STORED DATA -
____________________

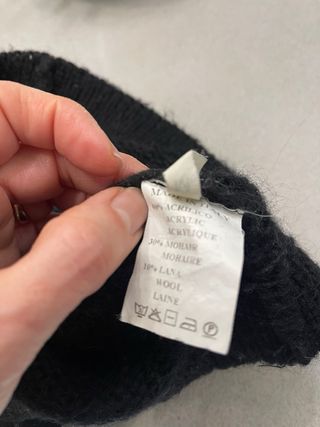 Maglioncino con cappuccio nero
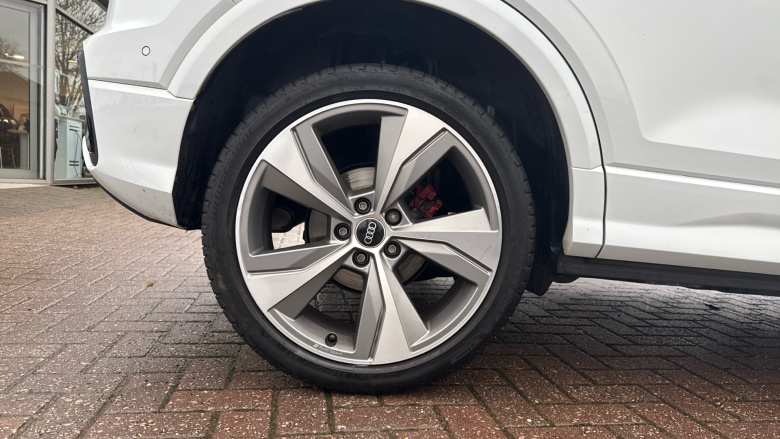 Audi Q2 35 TFSI Vorsprung 5dr S Tronic Petrol Estate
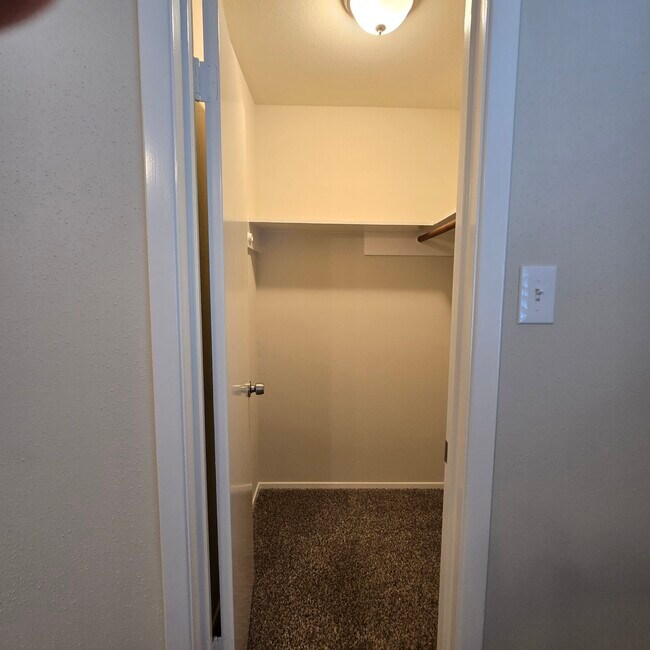 Building Photo - 7222 Ridgeberry Dr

____________________

TRY IT - Set down word for word each line from the one containing "Audi Q2 35 TFSI" through the end of the material, and keep the pictures out of it.

OUTPUT FOR THIS EXERCISE -
 Audi Q2 35 TFSI Vorsprung 5dr S Tronic Petrol Estate
 Building Photo - 7222 Ridgeberry Dr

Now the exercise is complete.